Si a dos años de preeminencia política Kirchner no tiene seguidores nuevos, una orgánica que lo respalde, una sucesión viable, debe inquirirse si no es parte de ese problema. Un modo virtuoso de hacerse esa pregunta es valorar cuánto valen los hitos institucionales que dejó este Gobierno, que lo sobrevivirán, que estarán en el haber del inventario de los que sigan. La política de derechos humanos y la renovación de la Corte Suprema son una herencia valiosa para los que advendrán.
El canje de deuda, más controversial, de cualquier modo provee de previsibilidad a un futuro difícil. Si Kirchner consiguiera, como desea casi ruidosamente, desendeudarse (o achicar la deuda) con el FMI sin aceptar condicionalidades dejará a gobiernos futuros en mejor situación que la que recibió. Cimentados institucionalmente, estos legados dan una pista acerca de una tendencia en materia de asignaturas pendientes. No dejar todo sujeto a la muñeca del gobernante, a su decisionismo o inspiración.
- El riesgo de pasar de pantalla: Creció la autoridad presidencial, mantiene alta su imagen pública, aumentó el PBI, bajó la desocupación, el canje se cerró exitosamente, se reabrió la ESMA. Otros logros, menos ostensibles, acumula el Gobierno. Los actuales ocupantes de la Rosada y zonas aledañas son un grupo con mística, muy consagrado a su trabajo, del que nadie puede decir que es una elite frívola, perezosa o distraída del humor social. En medio del camino de su vida, puede asumirse que el Presidente pasó de pantalla, queda claro que está sólidamente sentado en el sillón de Rivadavia, aunque la foto que ilustra esta nota sugiera lo contrario.
Pasar de pantalla tiene sus costos o (de mínima) sus consecuencias.

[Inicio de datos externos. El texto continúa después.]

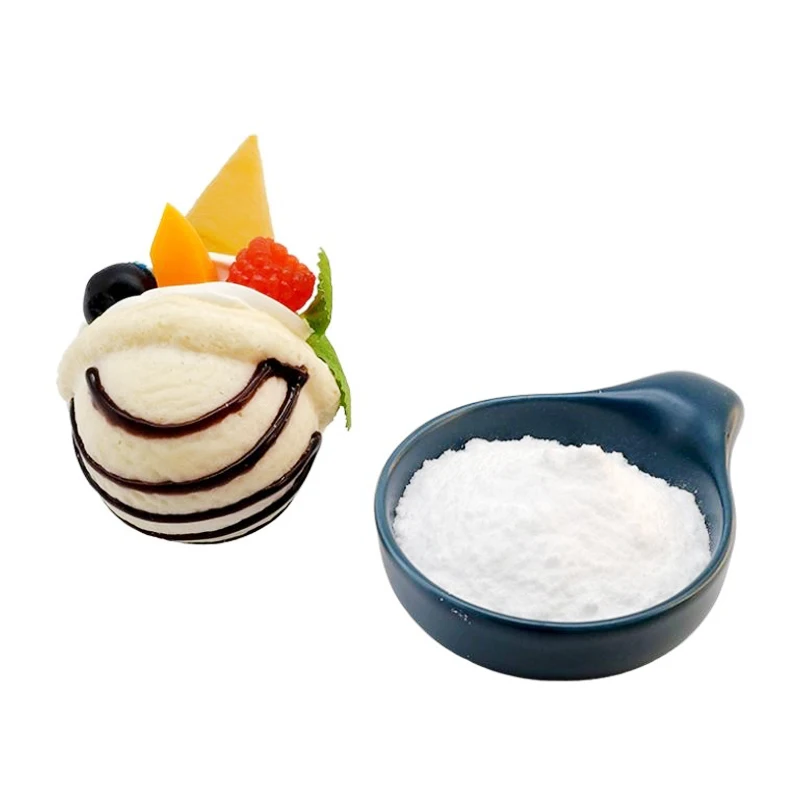 Food Additive 99% Purity Low Calorie D-Psicose Powder Sweetener Allulose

En una relación de tracto sucesivo, el Gobierno va a ser requerido a partir de lo logrado y juzgado a través de sus propias promesas.
El crecimiento no es una llegada, sino el disparador de lógicos reclamos de equidad, que se perciben ahora más factibles, porque hay caja.
Las promesas de la nueva política detonan miradas críticas sobre el lanzamiento de Cristina Fernández bendecida por el PJ Capital, entornada de menemistas, duhaldistas, grossistas y sindicalistas que contribuyeron en primera fila al desguace del Estado.
La proclamada lucha oficial contra las corporaciones merece ser cotejada con los recientes acuerdos con una de las más poderosas, la mediática. Muchas franquicias, con escasas contrapartidas, otorgadas sin debate público previo, no tienen la fragancia de lo nuevo. Esa cruzada también se contradice con algunas figuras relevantes del Gobierno, muy porosas en su relación con los poderes establecidos. Dado el carácter panorámico de esta nota, sólo se mencionará a los que ya fueron cuestionados en este diario, por orden de importancia. Ricardo Jaime, Guillermo Moreno, Julio Bárbaro y Carlos Bettini no dan la talla de abanderados contra las corporaciones. Antes bien, aluden a un estilo funcionarial ancien régime.
Discutible, belicoso, dueño de la escena, constructor de más poder que institucionalidad, de más autoridad que participación, de más crecimiento que redistribución, el Gobierno va en pos del pronunciamiento de las urnas. Las elecciones serán un dato ineludible. Si los votantes le sonríen (algo que hoy parece lo más factible), el Presidente tendrá una oportunidad única, deseable. La de persistir en los aciertos y, al unísono, cambiar. Habrá que ver cómo le va, si gana y (si se produce la revalidación popular) si tiene la voluntad de imprimir a su gestión un salto de calidad.